Second, as many of the secondary metabolites which make up the grand diversity of biological natural products come from metabolic transformations mediated by evolutionarily derived enzymes, and the chemical space to be explored is so incredibly large, it is likely that there is little overlap of the compounds with abiological samples, and possible that an independent biochemistry might develop along a very different chemical trajectory.”

(8) Mamajanov & Cody consider the possibility “that catalysis may have originally been performed by hyperbranched polymers.”

(9) Kacar, Guy, Smith, Baross look at the deep past by reconstructing sequences of proteins that might have existed in ancestral organisms---palaeophenotype reconstruction. (See also Kurland & Harish on Deep Evolution.)

(10) Santa Fe Institute’s Jessica Flack worked with two Templeton grants for her research on “Coarse-graining.”

(11) Even Bob Hazen’s research was supported by Templeton. Hazen takes a physical science perspective to life’s origins in his Royal Society article, saying, (1) there are a “range of probabilities for many natural events”, and (2) just because you can’t make it happen in the lab doesn’t mean it is not inevitable on an Earth-like planet.
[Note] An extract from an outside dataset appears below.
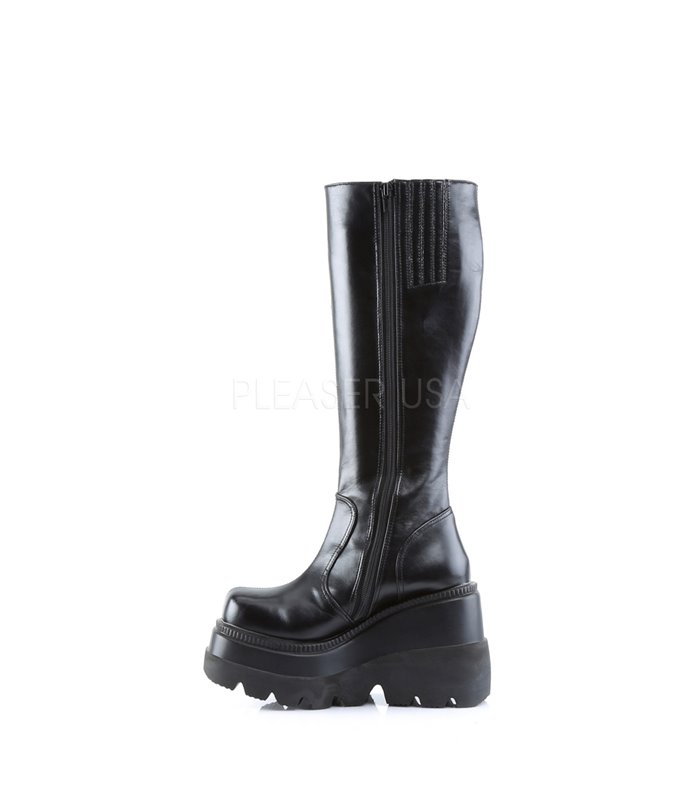 Plateau Stiefel SHAKER-100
Hazen, in response to Jerry Fodor’s comment to me: “Astrobiology doesn’t exist. What are its laws?” said this in defense of the field in our 2008 book interview:

“Of course astrobiology exists. Any human endeavor “exists” where there’s a group of people, in this case probably 1,000 researchers, who have a common set of goals and aspirations”.
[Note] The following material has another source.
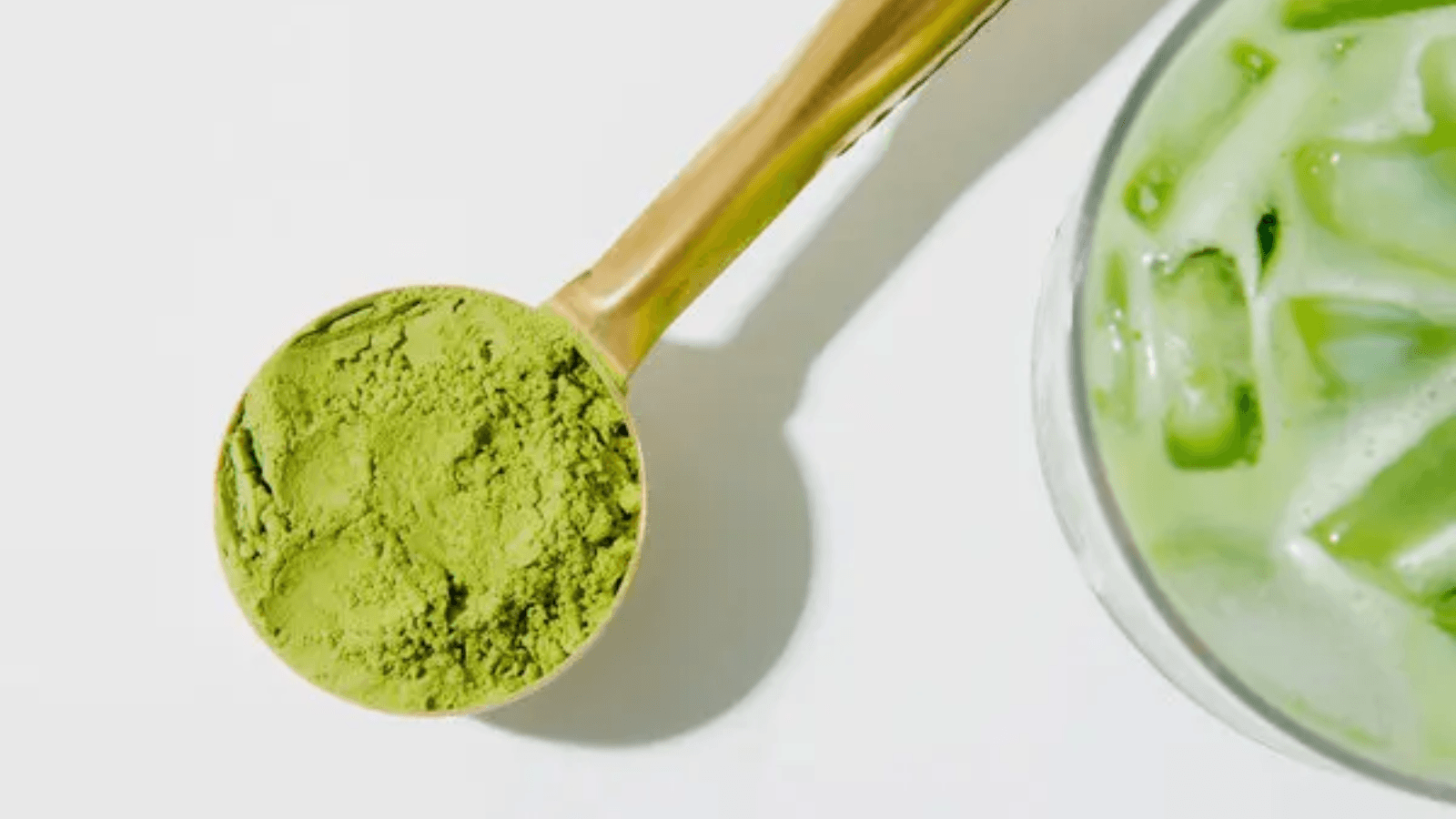 El té matcha: beneficios reales y mitos desmontados según una experta en nutrición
As part of Hazen’s $400,000 grant (2017-2020) from Templeton, he plans to produce 15 seminars and public lectures on origins of life and astrobiology.

The Royal Society issue is largely about science that Darwin never dabbled in, and may never have even dreamed of, and yet there is an inclination in the issue to cling to the Darwinian cliff. Nonetheless, it is good to know what the scientific establishment are up to and this collection of articles is open access.

The big question is: Are scientists reaching out to inspire and be inspired by the public or publicly engaging to solicit funds for a ramping up of space adventures and for basic research that looks to spin off discoveries commercially?